Could you transcribe exactly the lines below, from the line with "PANTS ADVANCE BLACK-RED" through the line with "Thumbnail: 2014 Ford Fusion - 29", and nothing else, leaving out the pictures?

=== RECORDS PROVIDED ===

· · · ·

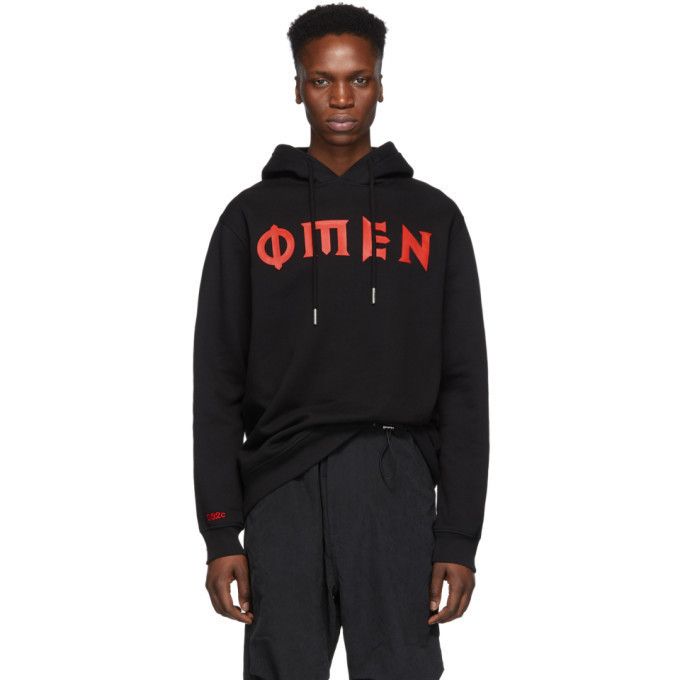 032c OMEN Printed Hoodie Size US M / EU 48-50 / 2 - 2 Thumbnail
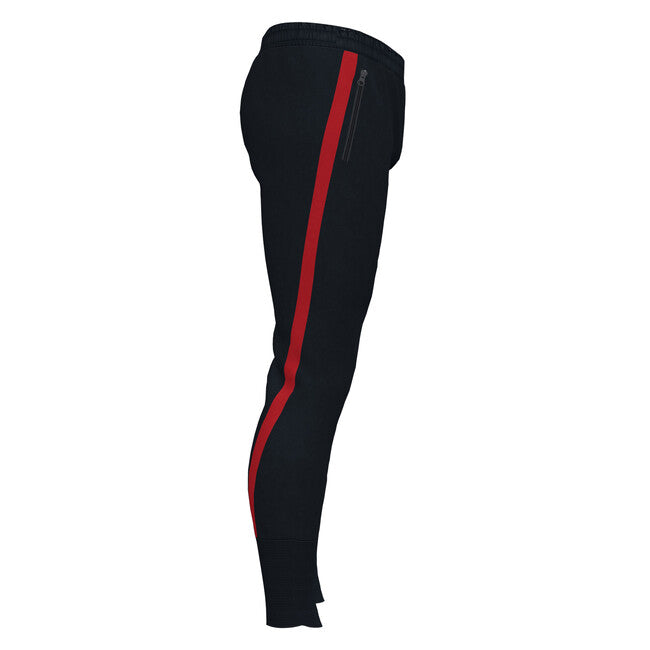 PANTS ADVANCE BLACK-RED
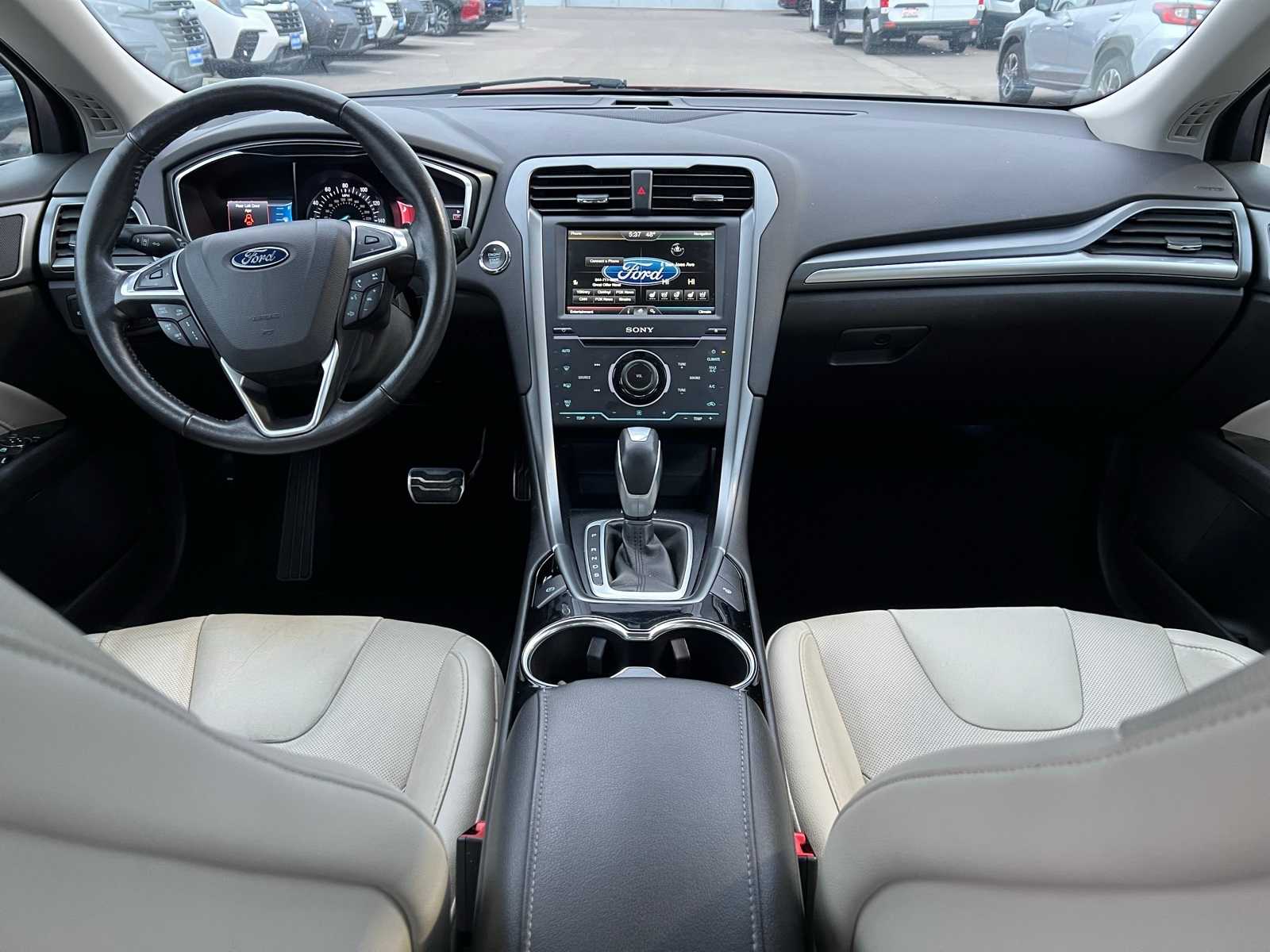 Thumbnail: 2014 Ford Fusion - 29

· · · ·

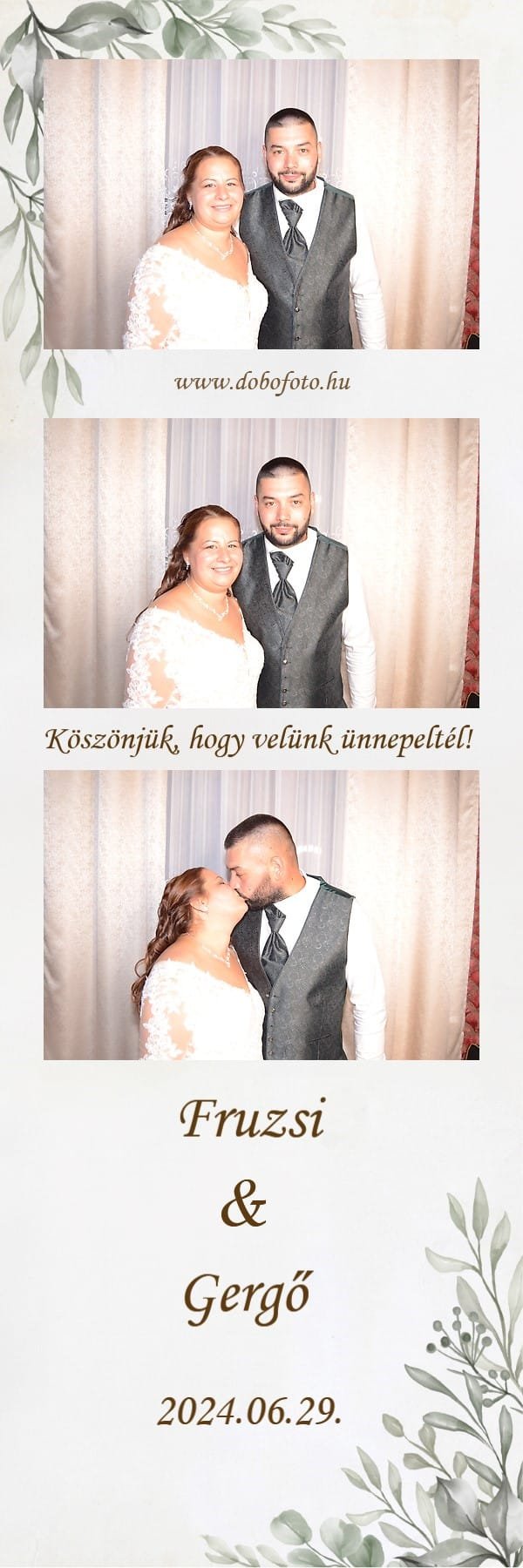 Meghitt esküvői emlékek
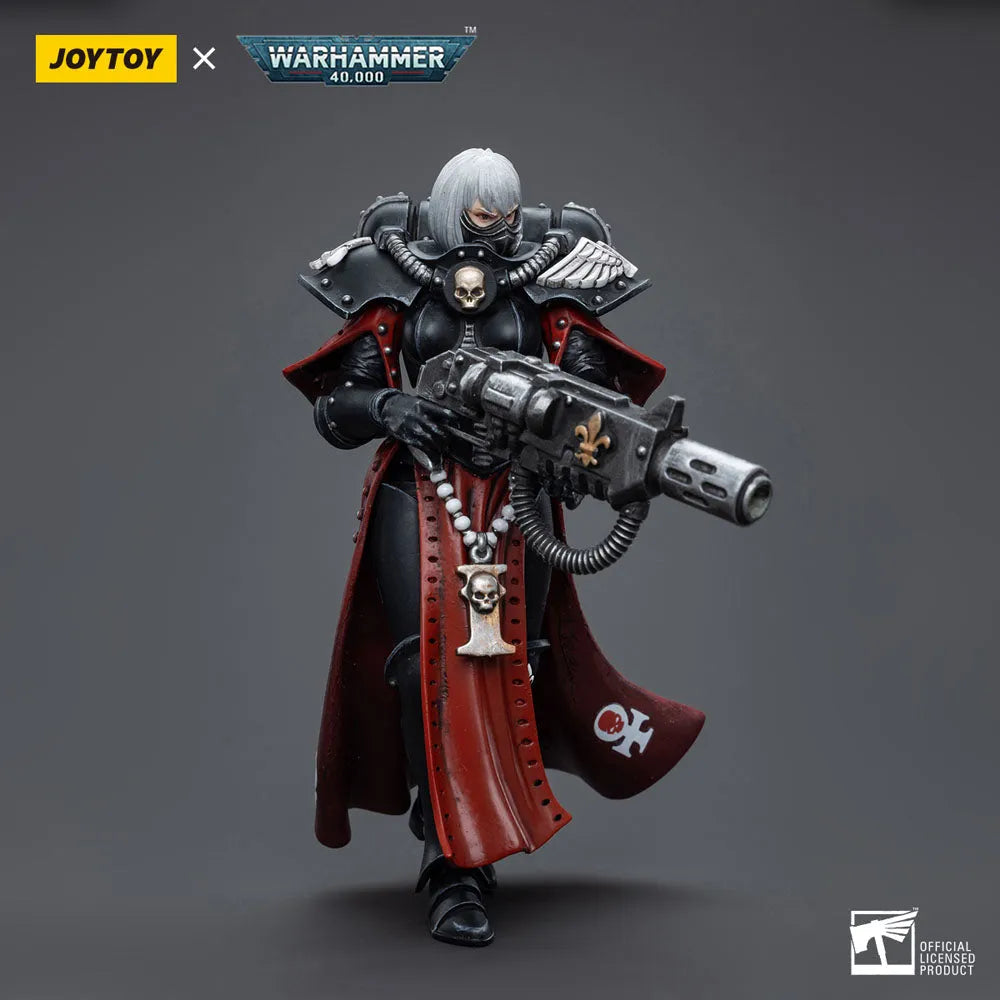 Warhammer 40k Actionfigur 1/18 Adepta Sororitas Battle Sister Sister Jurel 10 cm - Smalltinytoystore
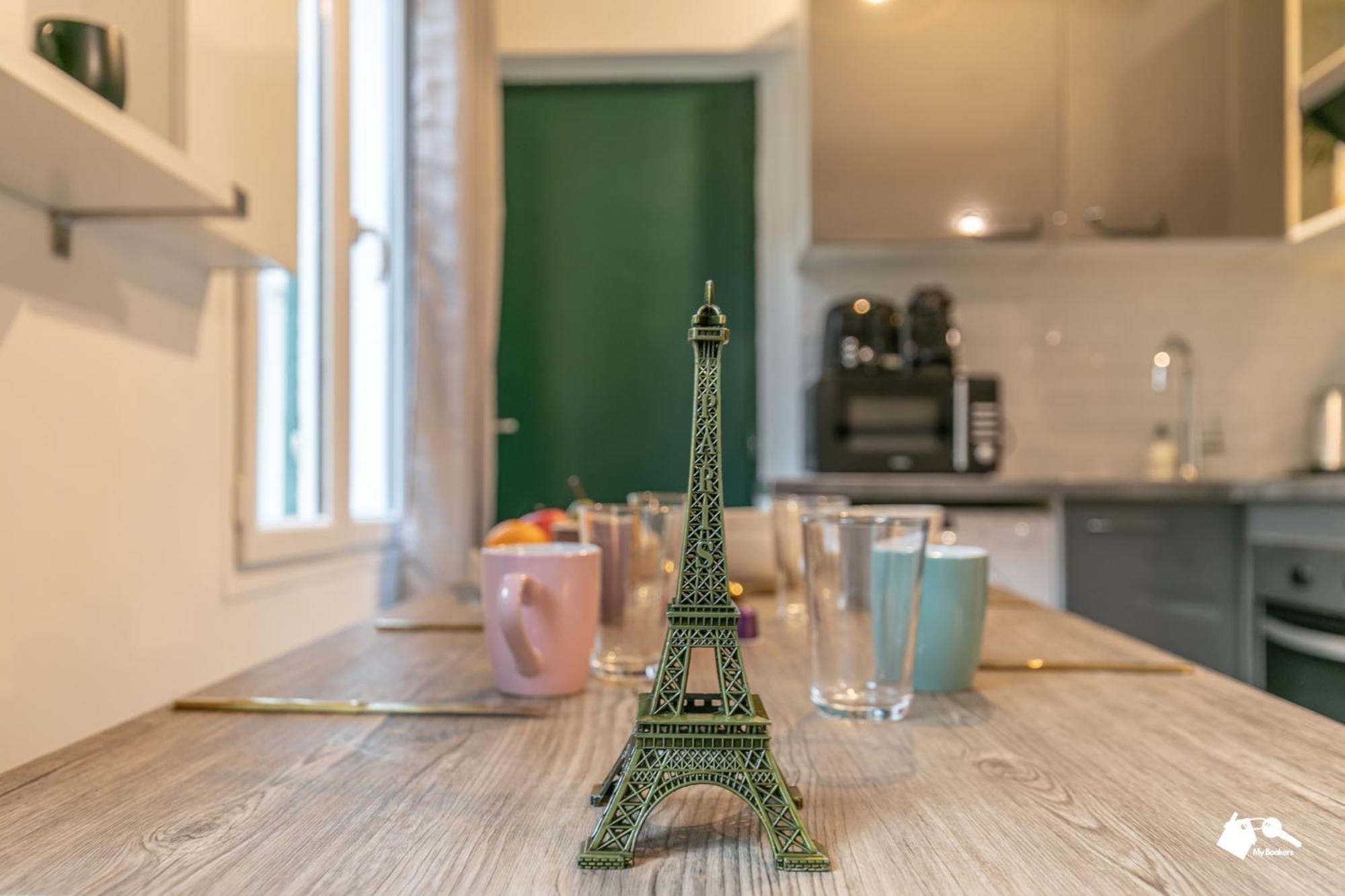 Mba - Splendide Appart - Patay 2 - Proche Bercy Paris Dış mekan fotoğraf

· · · ·

=== SOLUTION TO THIS TASK ===
 PANTS ADVANCE BLACK-RED
 Thumbnail: 2014 Ford Fusion - 29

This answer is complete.